I am using this technique for a lot of things now. I also use it in a very well ventilated area! I use it to encase the unseen padding on my body props (under dresses). I am also experimenting with various thicknesses of plastic. I use a small wire to move and sculpt the melted plastic around eyes and mouths. I shellac my stuff after painting or staining as it will flake.


----------



## Nepboard (Sep 21, 2009)

Spooks-Magee,
Thanks for the shellac tip. It sure did help with the flaking.


----------



## Zombiegirl1 (Oct 22, 2007)

So where do the rest of us get the cheap skellies?


----------



## Fangoria (Oct 26, 2008)

I wonder if staining the plastic dropcloth before applying and shrinking, might give it the look you want, and then you could do a wash of the diluted stain over the piece. This would probably stay in the rececess well, yet may flake off the high points, but you would still have the pigment under the plastic.(?)


----------



## thunderchild (Jun 18, 2009)

This is exactly what I was lookin' for, thank you, this is AWESOME!!!!!!!


----------



## Rosetta28 (Sep 7, 2011)

Can I do this with a cheap prop from Big Lots? Will it still look right and good?


----------



## Hoodoo_Hermit (Nov 4, 2009)

Miss Phantom, Thank you so much for sharing this!



Miss Phantom said:


> I did a quick search and did not see this posted so I thought I would put it up. Sorry for the mispell...STILTBEAST
> 
> here is the link


----------



## clyparkr (Oct 19, 2010)

Ok target is selling cheap 5-6ft hard plastic skeletons for $40. I might pick one up and try this


----------



## clyparkr (Oct 19, 2010)

Just picked up 2 great 5th skeletons from wall greens for $30 a piece


----------



## firegoat (Jul 27, 2011)

I'm working on a couple wings and used this technique for the skin.


----------



## Hoodoo_Hermit (Nov 4, 2009)

firegoat said:


> I'm working on a couple wings and used this technique for the skin.

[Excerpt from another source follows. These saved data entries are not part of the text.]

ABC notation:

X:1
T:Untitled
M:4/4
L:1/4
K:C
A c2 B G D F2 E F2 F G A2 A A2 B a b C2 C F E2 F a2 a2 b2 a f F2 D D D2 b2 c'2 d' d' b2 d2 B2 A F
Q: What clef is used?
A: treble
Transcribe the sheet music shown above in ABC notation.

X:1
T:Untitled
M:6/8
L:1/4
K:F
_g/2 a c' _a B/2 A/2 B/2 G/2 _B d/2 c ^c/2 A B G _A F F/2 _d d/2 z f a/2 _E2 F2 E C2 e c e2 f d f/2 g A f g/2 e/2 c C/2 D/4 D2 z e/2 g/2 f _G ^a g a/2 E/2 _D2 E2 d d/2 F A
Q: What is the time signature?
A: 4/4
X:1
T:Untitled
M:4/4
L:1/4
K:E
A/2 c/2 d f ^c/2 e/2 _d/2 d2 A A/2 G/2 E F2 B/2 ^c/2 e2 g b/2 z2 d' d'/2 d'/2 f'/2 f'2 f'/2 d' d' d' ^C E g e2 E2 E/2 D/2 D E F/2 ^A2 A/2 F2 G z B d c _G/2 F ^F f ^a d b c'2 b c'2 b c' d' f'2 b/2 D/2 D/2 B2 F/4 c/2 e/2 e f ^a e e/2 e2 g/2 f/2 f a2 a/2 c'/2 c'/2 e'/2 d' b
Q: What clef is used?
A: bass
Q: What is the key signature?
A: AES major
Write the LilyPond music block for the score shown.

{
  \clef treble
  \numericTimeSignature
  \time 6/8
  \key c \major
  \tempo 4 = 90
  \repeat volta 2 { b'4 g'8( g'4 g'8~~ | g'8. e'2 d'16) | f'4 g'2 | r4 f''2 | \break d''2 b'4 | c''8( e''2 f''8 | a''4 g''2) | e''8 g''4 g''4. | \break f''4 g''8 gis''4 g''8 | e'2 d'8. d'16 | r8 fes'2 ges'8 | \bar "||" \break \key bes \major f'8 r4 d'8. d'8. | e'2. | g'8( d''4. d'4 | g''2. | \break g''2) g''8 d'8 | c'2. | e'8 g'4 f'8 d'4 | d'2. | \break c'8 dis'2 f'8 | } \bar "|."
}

Man that looks awesome. What are you using the wings for?


----------



## firegoat (Jul 27, 2011)

Miss Phantom will probably use them for something. I just made them to show her what I was seeing in my head. I'm sure she'll stick them on one of the demons she's working on right now. I'll probably make another folded up set to use with my halloween costume. here's a pic with the other side. they are probably 7-8ft wide roughly.


----------



## James B. (Oct 8, 2009)

I corpsed a Wal-Mart talking skeleton (was a baseball vendor which was lame) using the Stilt Beast method:










I got the skeleton for $30 after Halloween a few years ago.


----------



## gothiccaddy (Nov 7, 2006)

I love this way of corsping. My brother and I are making a mermaid that way. Awesome wings


----------



## armor78154 (Oct 14, 2008)

*Drying Time*

Anyone experiencing long drying times for this method of corpsing?


----------



## Nepboard (Sep 21, 2009)

It takes a little longer with the stain but after a few days it was ok.


----------



## James B. (Oct 8, 2009)

The stain is a bit tacky even after 5 days but the weather has been humid too.


----------



## unklesatan (Aug 21, 2010)

I did this on Tuesday of this week. It took me about 45 minutes to an hour worth of active work (about 3 hours total because I was doing other things). i think this was the easiest prop I've modified/built ever. The stain was tacky for about a day, but now it's completely dried and I think it looks good... I recommend this to anyone that has wanted to make a corpse but doesn't have the time or money it takes to go the latex/cotton route. Total cost for me was $30 for the skeleton (from wal-greens) and about $10 in stain, and plastic (from Wal-mart). 














~ Bill
*******************************************************************************************************************
Check out my blog at Empty Grave Acres


----------



## armor78154 (Oct 14, 2008)

I think the other thing to consider is the type of stain. I totally missed the part about using "gel stain." I used a regular stain. This is probably why my drying times are so long.


----------



## James B. (Oct 8, 2009)

armor78154 said:


> I think the other thing to consider is the type of stain. I totally missed the part about using "gel stain." I used a regular stain. This is probably why my drying times are so long.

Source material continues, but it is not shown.